Dataset records
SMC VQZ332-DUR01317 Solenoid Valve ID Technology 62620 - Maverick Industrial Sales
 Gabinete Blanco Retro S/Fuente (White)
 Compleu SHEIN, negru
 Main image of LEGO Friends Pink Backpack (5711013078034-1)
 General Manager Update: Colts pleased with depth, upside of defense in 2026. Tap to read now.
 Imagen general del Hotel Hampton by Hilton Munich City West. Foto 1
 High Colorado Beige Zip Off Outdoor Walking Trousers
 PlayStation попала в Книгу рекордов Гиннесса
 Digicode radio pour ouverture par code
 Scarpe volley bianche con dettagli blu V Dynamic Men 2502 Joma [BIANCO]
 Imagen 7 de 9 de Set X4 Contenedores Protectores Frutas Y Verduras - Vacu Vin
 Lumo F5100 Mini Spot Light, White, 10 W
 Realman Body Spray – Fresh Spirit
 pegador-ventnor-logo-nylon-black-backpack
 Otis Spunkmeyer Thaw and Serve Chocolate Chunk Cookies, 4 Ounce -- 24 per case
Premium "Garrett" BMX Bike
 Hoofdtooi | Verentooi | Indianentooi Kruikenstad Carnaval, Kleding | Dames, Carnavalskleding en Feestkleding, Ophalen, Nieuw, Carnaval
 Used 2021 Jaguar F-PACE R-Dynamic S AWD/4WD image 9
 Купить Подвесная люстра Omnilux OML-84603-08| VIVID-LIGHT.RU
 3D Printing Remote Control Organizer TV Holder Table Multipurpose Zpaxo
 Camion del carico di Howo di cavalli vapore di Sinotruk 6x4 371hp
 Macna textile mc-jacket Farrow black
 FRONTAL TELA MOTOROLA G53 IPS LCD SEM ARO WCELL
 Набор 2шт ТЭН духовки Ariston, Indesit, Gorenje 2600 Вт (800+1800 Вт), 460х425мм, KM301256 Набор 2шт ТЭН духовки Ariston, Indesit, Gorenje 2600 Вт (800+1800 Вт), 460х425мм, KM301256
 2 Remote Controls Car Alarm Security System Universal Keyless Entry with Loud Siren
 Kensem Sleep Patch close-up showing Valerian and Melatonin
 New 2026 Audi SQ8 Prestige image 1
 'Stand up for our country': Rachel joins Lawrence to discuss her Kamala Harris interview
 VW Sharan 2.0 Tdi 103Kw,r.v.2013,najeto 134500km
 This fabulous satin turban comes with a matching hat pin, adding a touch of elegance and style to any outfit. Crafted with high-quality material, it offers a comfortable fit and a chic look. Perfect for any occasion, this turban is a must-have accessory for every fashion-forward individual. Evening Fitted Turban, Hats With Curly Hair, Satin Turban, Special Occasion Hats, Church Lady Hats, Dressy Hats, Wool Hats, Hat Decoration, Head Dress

» **Work order**
The records above should be restated exactly, line for line.

» **Result below**
SMC VQZ332-DUR01317 Solenoid Valve ID Technology 62620 - Maverick Industrial Sales
 Gabinete Blanco Retro S/Fuente (White)
 Compleu SHEIN, negru
 Main image of LEGO Friends Pink Backpack (5711013078034-1)
 General Manager Update: Colts pleased with depth, upside of defense in 2026. Tap to read now.
 Imagen general del Hotel Hampton by Hilton Munich City West. Foto 1
 High Colorado Beige Zip Off Outdoor Walking Trousers
 PlayStation попала в Книгу рекордов Гиннесса
 Digicode radio pour ouverture par code
 Scarpe volley bianche con dettagli blu V Dynamic Men 2502 Joma [BIANCO]
 Imagen 7 de 9 de Set X4 Contenedores Protectores Frutas Y Verduras - Vacu Vin
 Lumo F5100 Mini Spot Light, White, 10 W
 Realman Body Spray – Fresh Spirit
 pegador-ventnor-logo-nylon-black-backpack
 Otis Spunkmeyer Thaw and Serve Chocolate Chunk Cookies, 4 Ounce -- 24 per case
Premium "Garrett" BMX Bike
 Hoofdtooi | Verentooi | Indianentooi Kruikenstad Carnaval, Kleding | Dames, Carnavalskleding en Feestkleding, Ophalen, Nieuw, Carnaval
 Used 2021 Jaguar F-PACE R-Dynamic S AWD/4WD image 9
 Купить Подвесная люстра Omnilux OML-84603-08| VIVID-LIGHT.RU
 3D Printing Remote Control Organizer TV Holder Table Multipurpose Zpaxo
 Camion del carico di Howo di cavalli vapore di Sinotruk 6x4 371hp
 Macna textile mc-jacket Farrow black
 FRONTAL TELA MOTOROLA G53 IPS LCD SEM ARO WCELL
 Набор 2шт ТЭН духовки Ariston, Indesit, Gorenje 2600 Вт (800+1800 Вт), 460х425мм, KM301256 Набор 2шт ТЭН духовки Ariston, Indesit, Gorenje 2600 Вт (800+1800 Вт), 460х425мм, KM301256
 2 Remote Controls Car Alarm Security System Universal Keyless Entry with Loud Siren
 Kensem Sleep Patch close-up showing Valerian and Melatonin
 New 2026 Audi SQ8 Prestige image 1
 'Stand up for our country': Rachel joins Lawrence to discuss her Kamala Harris interview
 VW Sharan 2.0 Tdi 103Kw,r.v.2013,najeto 134500km
 This fabulous satin turban comes with a matching hat pin, adding a touch of elegance and style to any outfit. Crafted with high-quality material, it offers a comfortable fit and a chic look. Perfect for any occasion, this turban is a must-have accessory for every fashion-forward individual. Evening Fitted Turban, Hats With Curly Hair, Satin Turban, Special Occasion Hats, Church Lady Hats, Dressy Hats, Wool Hats, Hat Decoration, Head Dress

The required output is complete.